DATA SECTION:
┌──

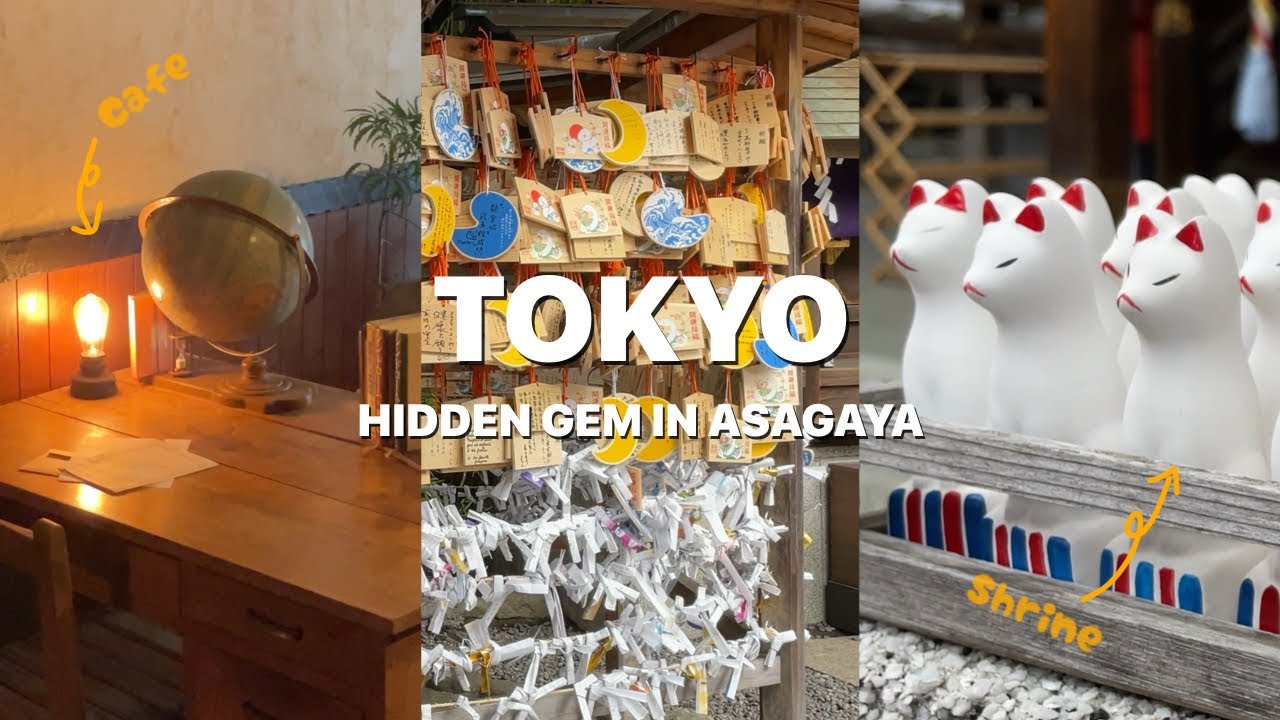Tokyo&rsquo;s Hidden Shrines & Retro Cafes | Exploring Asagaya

└──
┌──

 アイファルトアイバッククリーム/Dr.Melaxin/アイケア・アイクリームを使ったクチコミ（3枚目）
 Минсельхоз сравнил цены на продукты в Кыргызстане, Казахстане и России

└──

EXERCISE REQUIREMENTS:
Look above for the line with "アイファルトアイバッククリー" and the line with "Минсельхоз сравнил цены". Write out those two lines and all the lines between them, exactly, and no others.

RESPONSE BOX:
 アイファルトアイバッククリーム/Dr.Melaxin/アイケア・アイクリームを使ったクチコミ（3枚目）
 Минсельхоз сравнил цены на продукты в Кыргызстане, Казахстане и России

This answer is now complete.